The closing read is this, a generalist firm sells you a website and a retainer, while a creator-specialist shop hands you a vetted list, a fair rate, and a clean compliance trail.
If you are choosing where to spend your next creator budget, that is the difference worth paying for.
One more thing before you go.
The brands in our top-sponsor list did not win because they had the biggest budgets, they won because they stopped treating every creator the same.
A 50K-subscriber creator with a tight US audience can outperform a 5M-subscriber channel with a scattered global one, and the only way to know is to read the audience data before you pay.
That reading is the whole product, and it is what a generalist firm structurally cannot give you.
Pick the shop that lives in the data, every single time.
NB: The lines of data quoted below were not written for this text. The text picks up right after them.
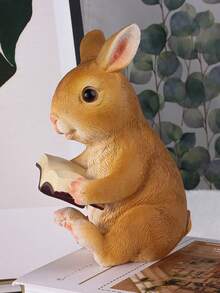 1pc Outdoor Garden Ornaments Solar Powered Resin Craft Rabbit Holding Flower Decoration For Garden - Burnt Orange - View 7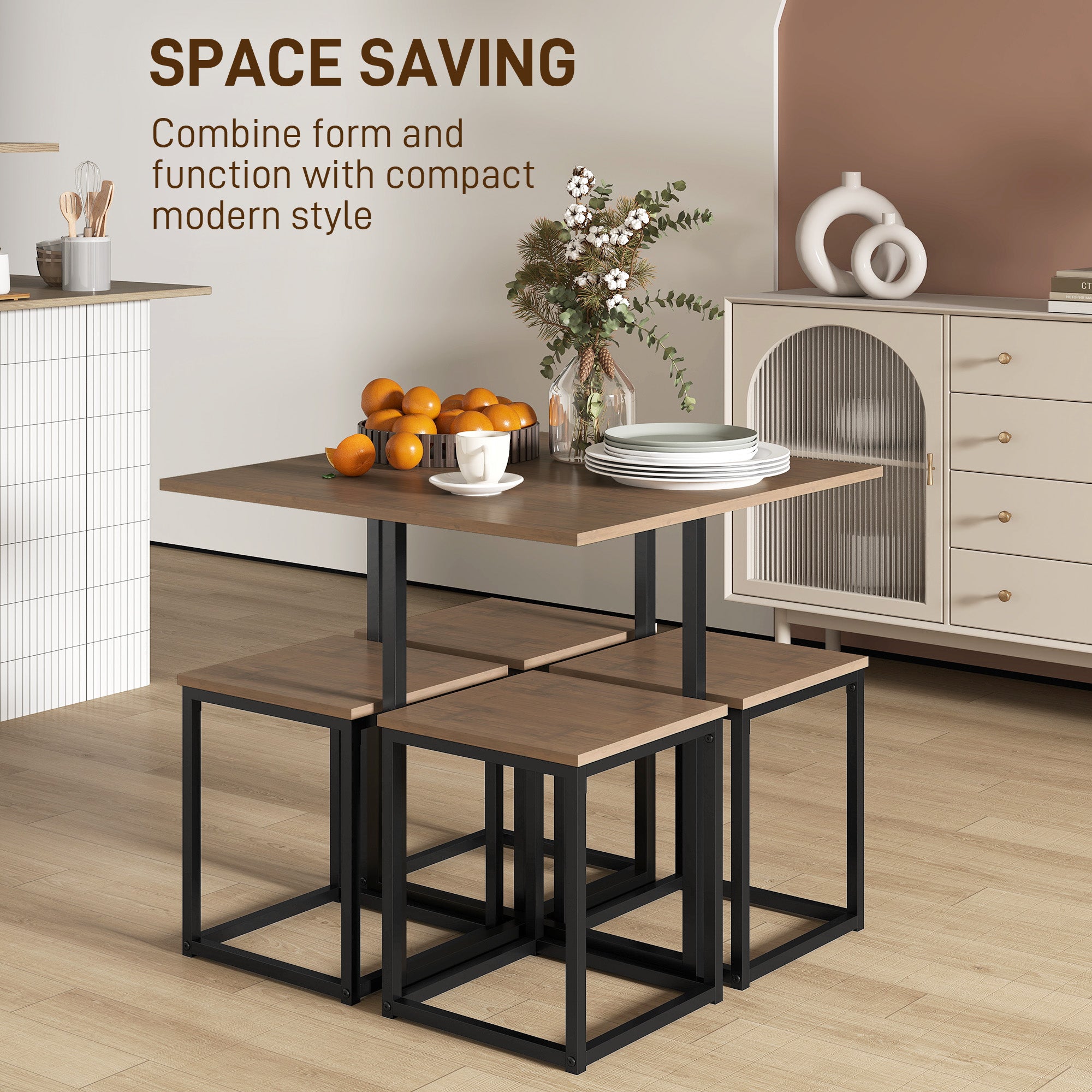 HOMCOM 5 Piece Dining Table and Chairs Set 4, Industrial Space Saving Table and Chairs with Metal Frame, Square Kitchen Table and Stools for Dining Room, Brown
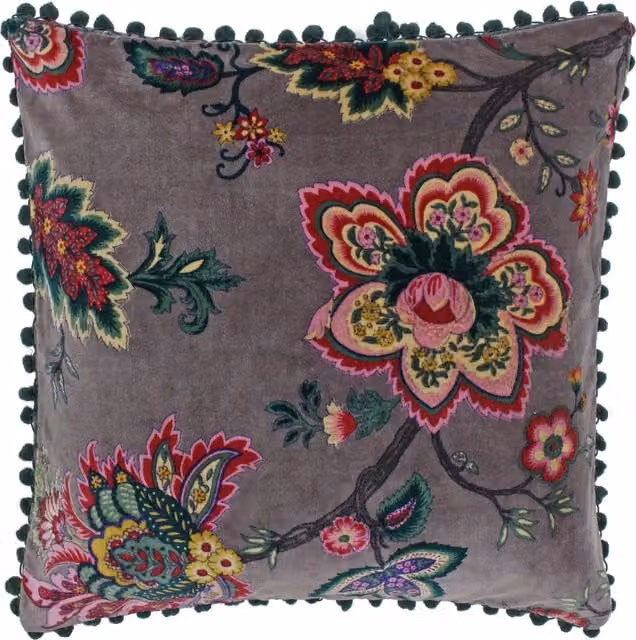 Paoletti Palampur Feather Rich Square Floral Cushion in Multicolour Brown and Grey, W/D/H: 50 x 50 x 50 cm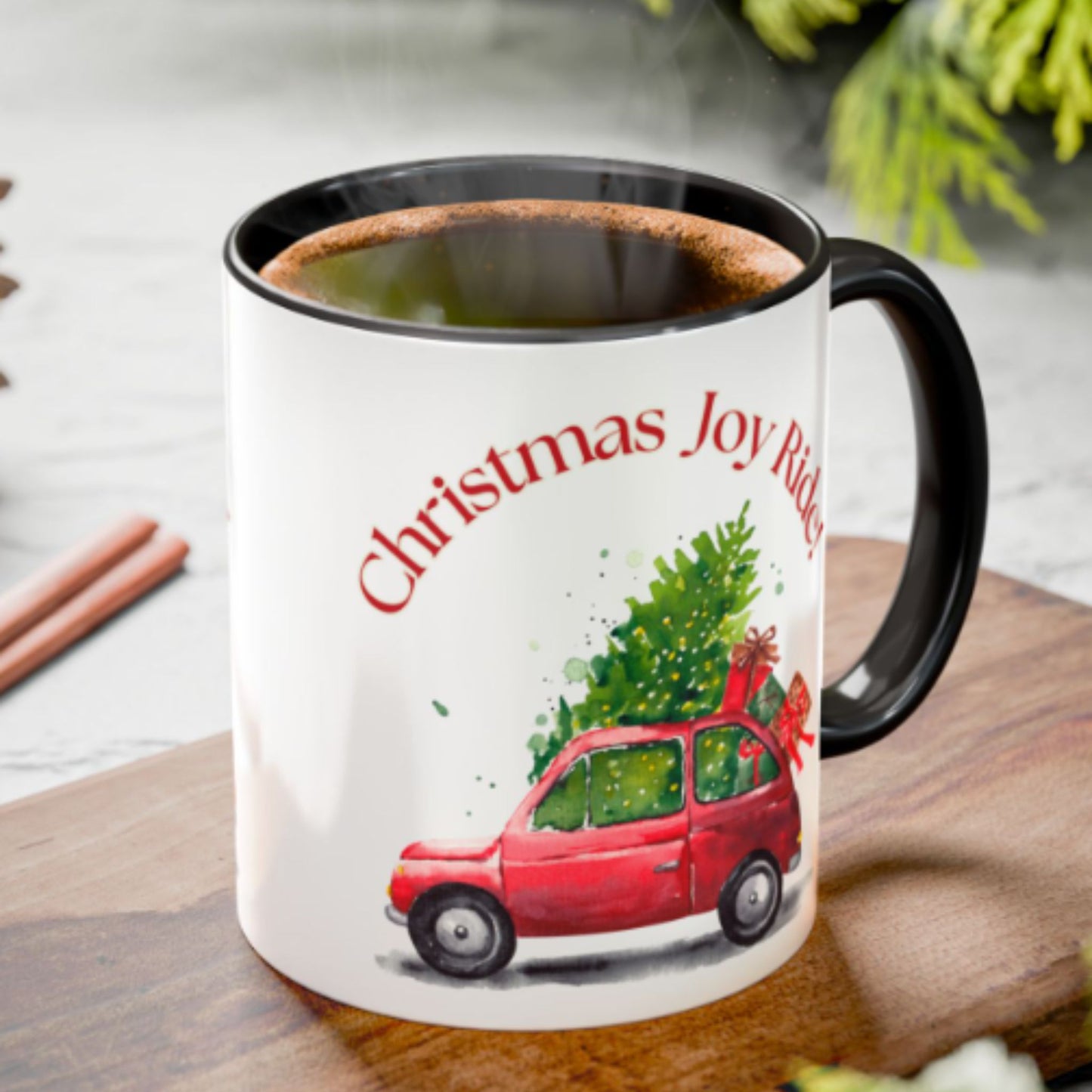 Christmas Joy Ride Mug | Festive Santa Two-Tone Coffee Cup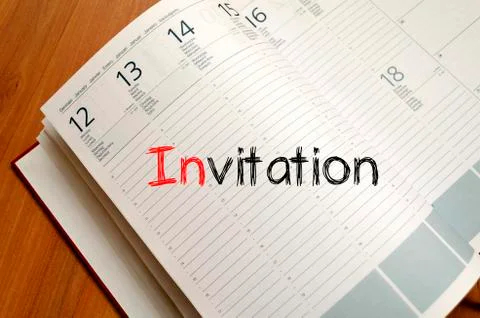 Invitation write on notebook Stock Photos
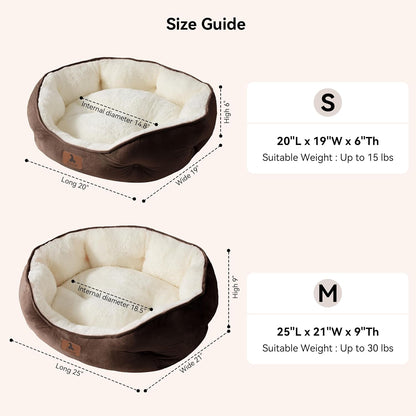 Brown small round pet bed, view 5 of 8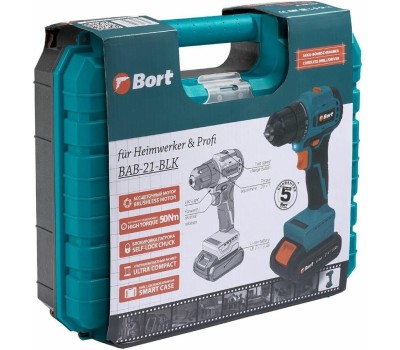 Дрель-шуруповерт BORT BAB-21-BLK (2X1,5AH)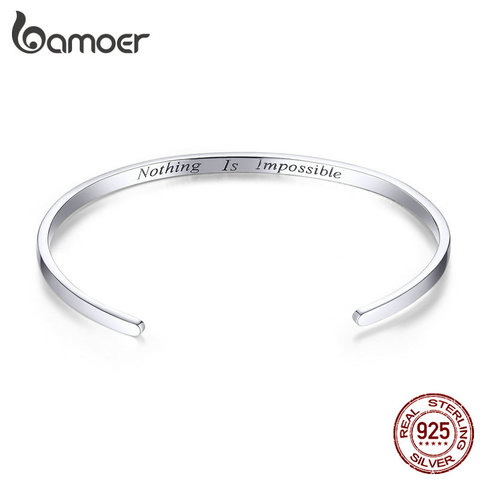 Bamoer-pulsera de plata de ley 925 con grabado de 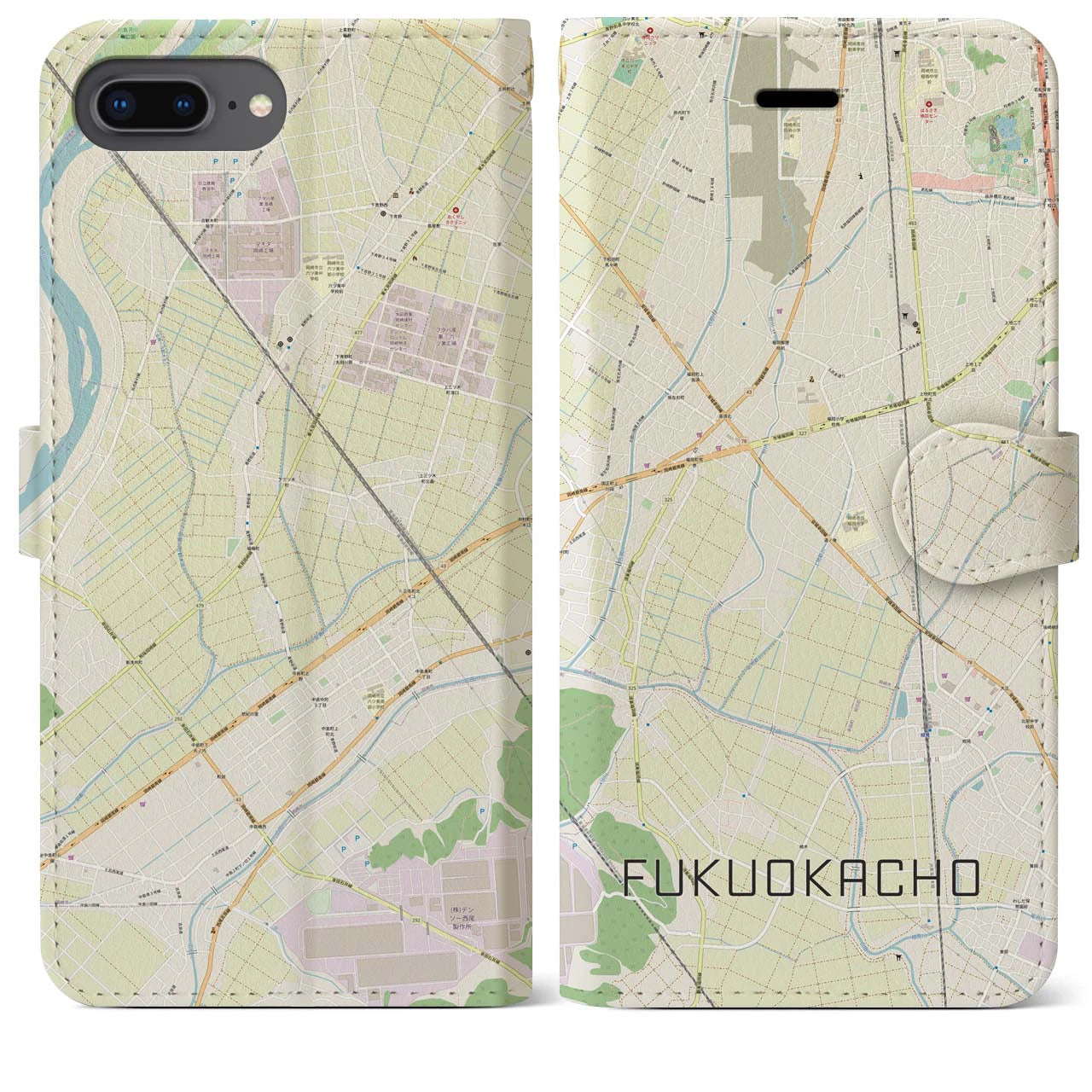 【福岡町】地図柄iPhoneケース（手帳両面タイプ・ナチュラル）iPhone 8Plus /7Plus / 6sPlus / 6Plus 用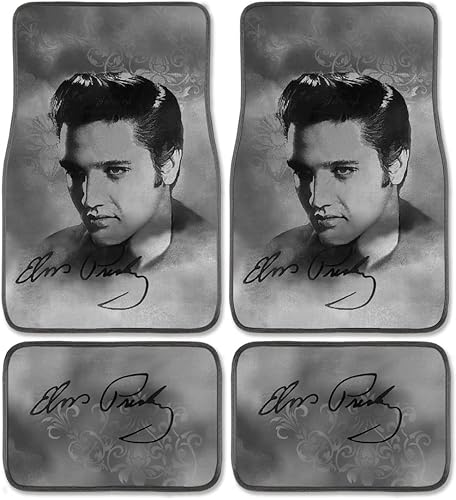 Elvis Presley - Alfombrillas para automóvil, SUV, camión, 4 piezas, diseño de impresión personalizada, color gris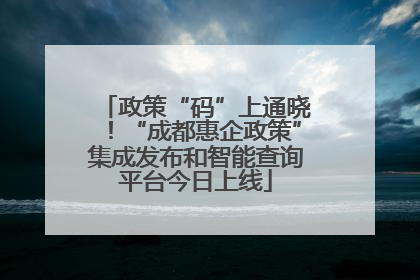 政策“码”上通晓！“成都惠企政策”集成发布和智能查询平台今日上线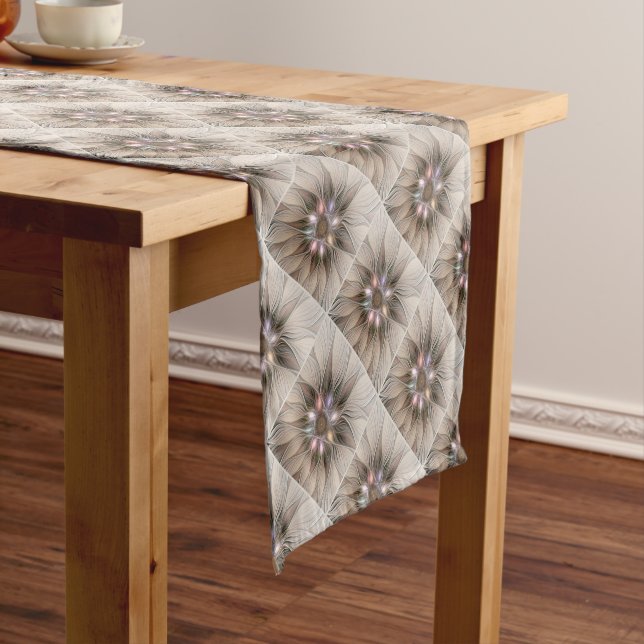 Chemin De Table Court Joyeuse Fleur Abstrait Beige Brown Floral Fractal (In Situ)
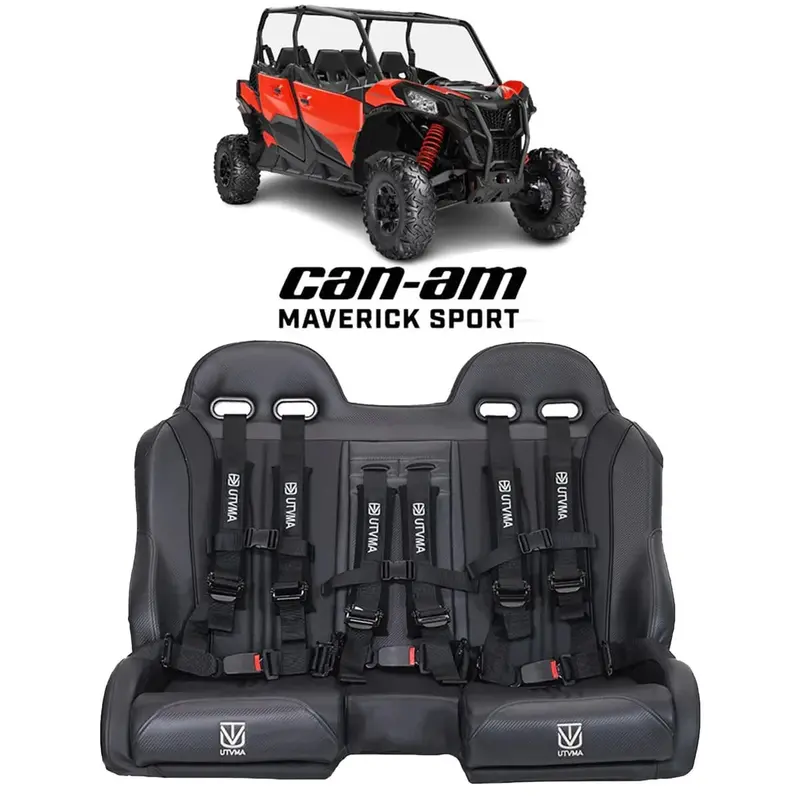 Utvma '19-'25 Can-Am Maverick Sport Max Front Bench Seat W/ Harnesses 1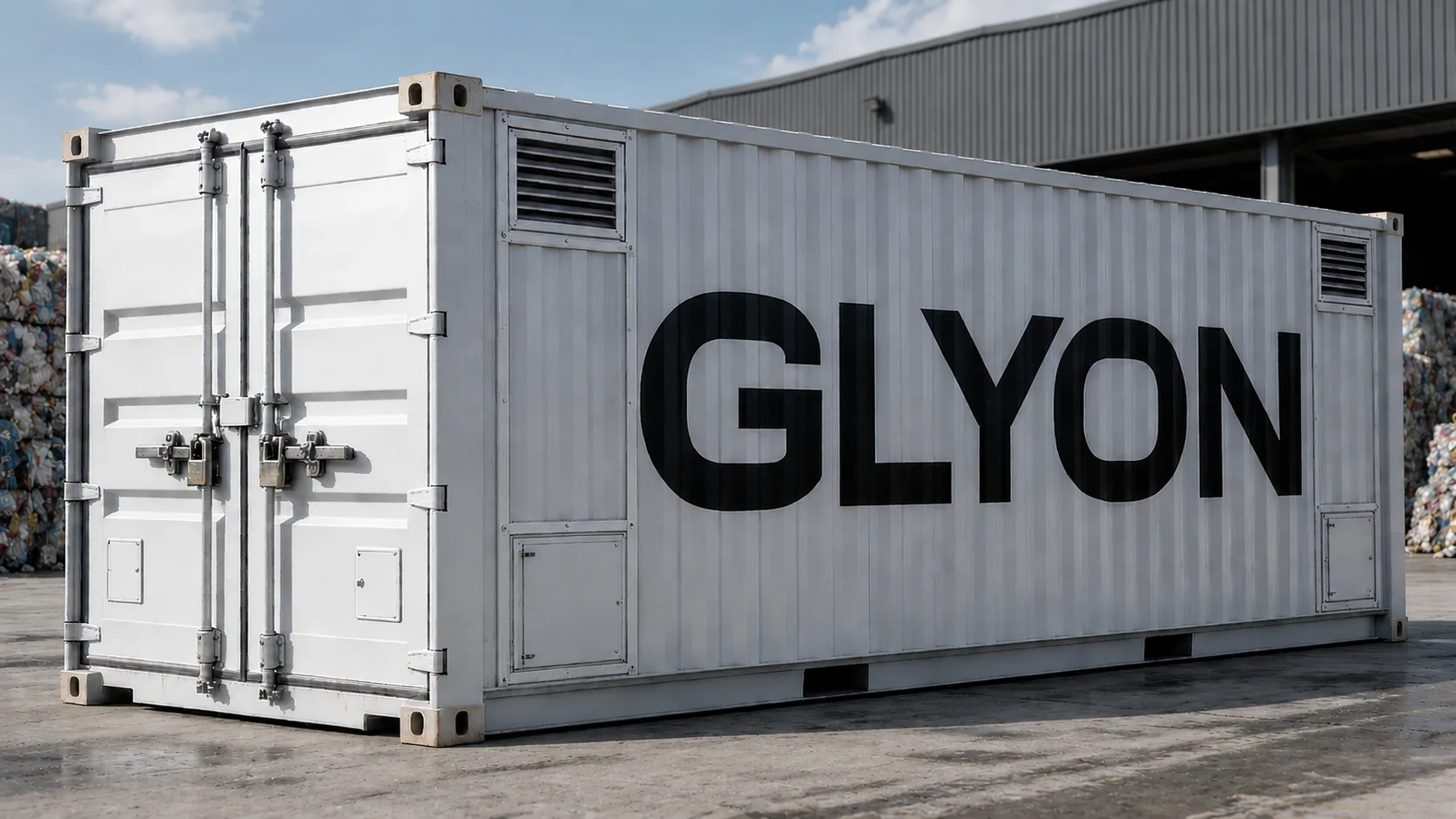 GLYON ONE - Elizabeth containerized recycling unit deployed outdoors at a waste sorting yard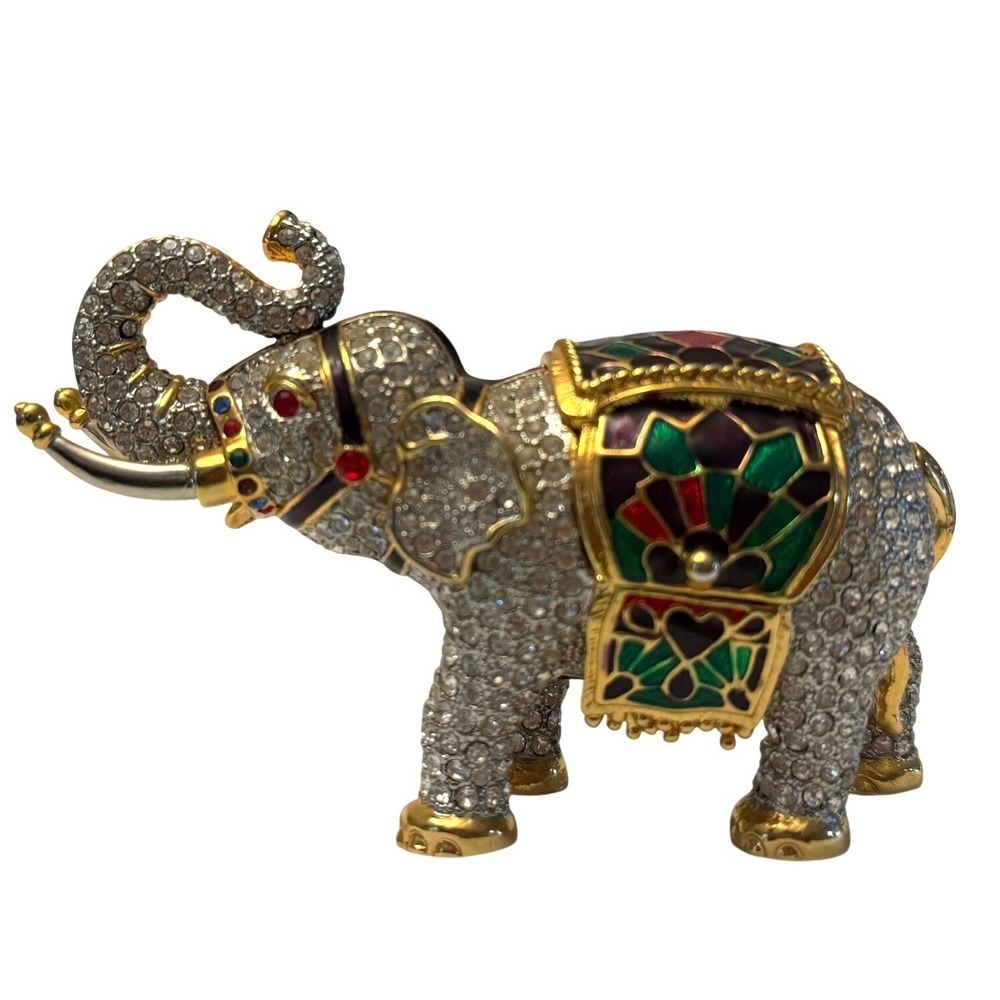 Vintage DZ Crystal Elephant Trinket Box Enamel Gold Tone Rhinestone Figurine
Find creators worth paying for
We track 3,103 channels in the digital marketing niche and 189,607 paid deals across 35,183 brands. Tell us your budget and your audience, and we will hand back a vetted shortlist with real rates rather than a sales pitch.
Talk to us about your next campaign
Related reading: the top influencer marketing agencies · what FTC enforcement actually targets in 2026.
Frequently asked
What should a digital marketing website do for a brand running creator campaigns?
It should find vetted creators, show real rates, and manage the deal end to end. Across the 3,103 channels we track in this niche, only 23 had a confirmed rate on file, so a site that quotes prices without naming a sample size is guessing.
How much do digital marketing creators charge for a sponsored video?
Among 23 priced creators in this niche, the median for the 50K to 250K subscriber band is $1,500 per video. The 10K to 50K band runs a $2,000 median, and the one 1M+ creator on file quoted $10,000.
Are big follower counts a reliable signal of value?
No. We track creators like Iman Gadzhi at 5.89M subscribers, but follower count alone does not tell you audience match or fraud risk. The 1M+ band is only 4.5% of the 3,103 channels in this niche.
Why pick a creator-specialist site over a full-service digital marketing agency?
A generalist firm spreads spend across ads, SEO, and email. A creator-specialist shop lives inside the deal data. We track 189,607 paid integrations across 35,183 brands, so we know what a fair rate looks like before you pay it.
How do you keep a brand out of FTC trouble on a creator deal?
We write the disclosure phrase into the brief and check the caption before the post goes live. Of the brands we track, 43.0% run more than one deal, so getting compliance right once pays off across every renewal.